Au-delà de ces trois aspects (obésité, diabète et système cardio-vasculaire), d’autres effets potentiels méritent d’être investigués. Il y aurait notamment des indices (des observations à l’échelle cellulaire) que l’exposition répétée au froid renforcerait à court terme le système immunitaire et la résistance aux maladies respiratoires telles que la grippe et la pneumonie.

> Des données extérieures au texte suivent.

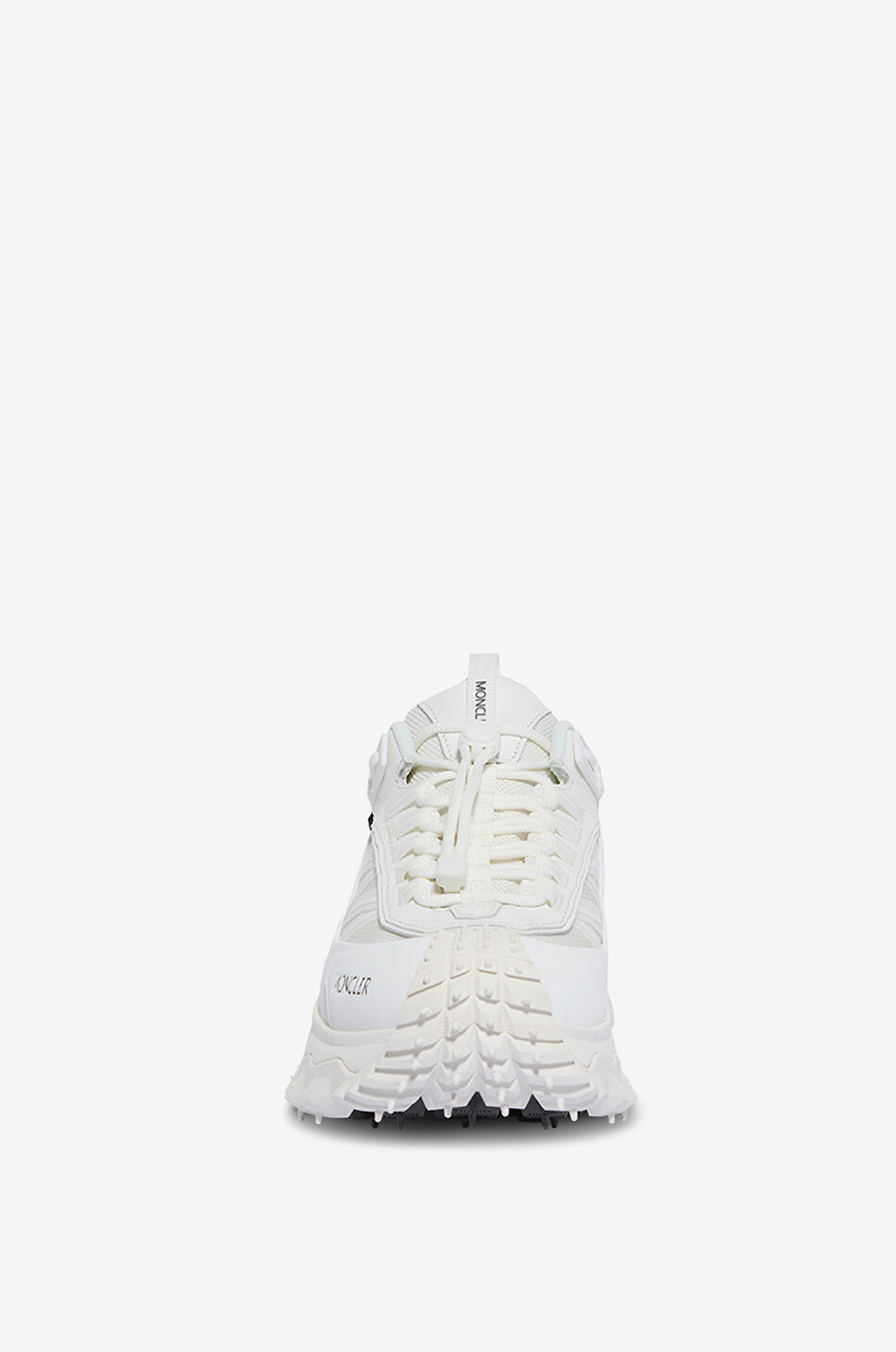 MONCLER Niedrige Schnürsneakers aus Mesh und Leder Trailgrip GTX Damen WEISS 2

Selon les auteurs du review, les données sont encore insuffisantes pour proposer des protocoles d’exposition au froid idéaux. La grande variabilité entre individus n’aide pas à définir des conditions d’ambiance idéales à recommander. Et les effets sur la santé à long terme ne sont pas encore clairs non plus. Mais les indications sont suffisantes pour casser l’idée du froid comme source des problèmes de santé. Au contraire, une expositions régulière à des ambiances fraiches a des effets positifs démontrés.


Faut-il pour autant vivre dans l’inconfort ? Non, puisque d’une part le corps a la capacité de s’adapter, et d’autre part la sensation de contraste thermique peut, dans certaines conditions, être jugée agréable.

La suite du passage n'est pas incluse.